▸ SUPPLIED MATERIAL:
__________________________________________________

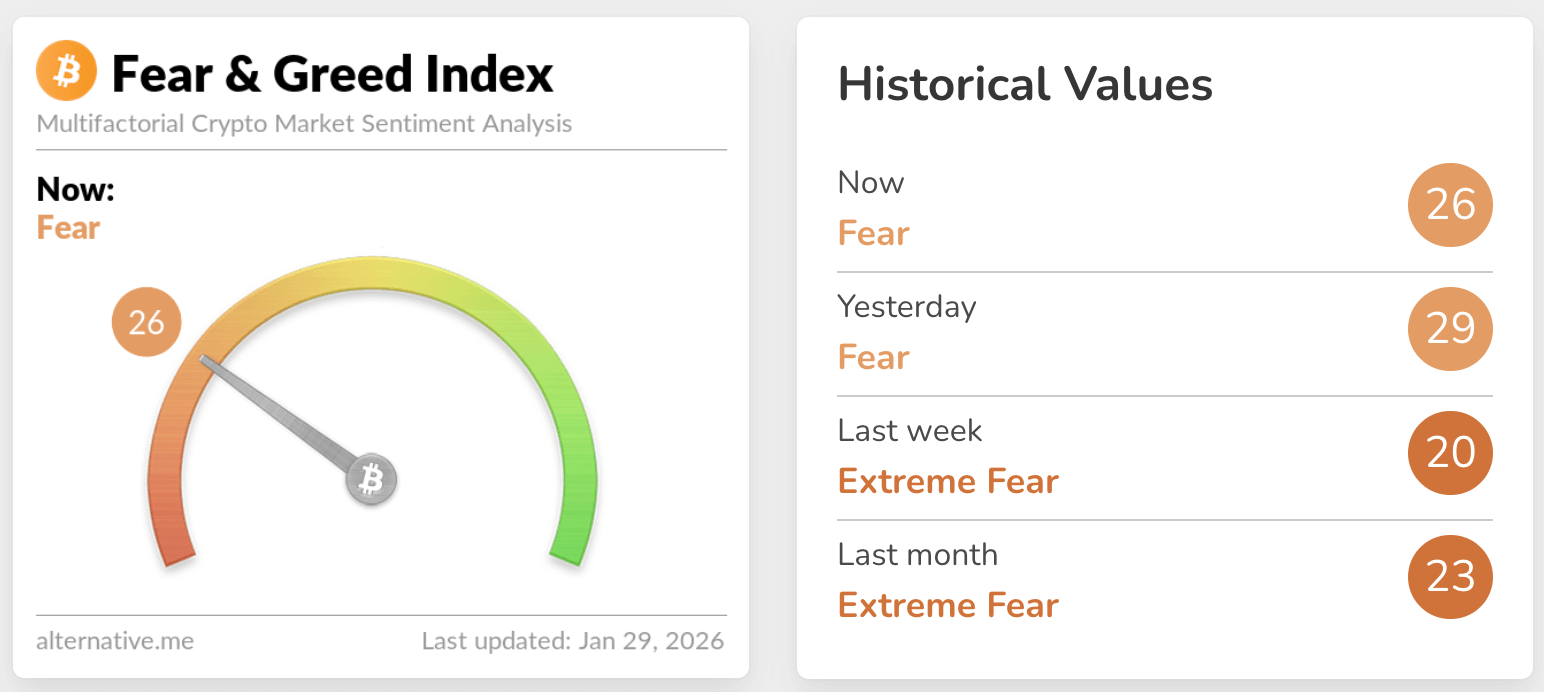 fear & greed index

__________________________________________________

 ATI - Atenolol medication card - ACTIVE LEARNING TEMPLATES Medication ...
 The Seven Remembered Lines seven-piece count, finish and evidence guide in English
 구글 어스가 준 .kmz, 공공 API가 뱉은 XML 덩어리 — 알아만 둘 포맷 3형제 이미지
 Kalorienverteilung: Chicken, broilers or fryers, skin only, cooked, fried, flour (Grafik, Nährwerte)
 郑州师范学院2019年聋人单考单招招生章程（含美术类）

__________________________________________________

▸ TASK OBJECTIVE: In the entries above, the lines between the one holding "Kalorienverteilung: Chicken, broilers" and the one holding "郑州师范学院2019年聋人单考单招招生章程（含美术类）", inclusive, are to be printed exactly as written, and those alone.

▸ WRITTEN ANSWER:
 Kalorienverteilung: Chicken, broilers or fryers, skin only, cooked, fried, flour (Grafik, Nährwerte)
 郑州师范学院2019年聋人单考单招招生章程（含美术类）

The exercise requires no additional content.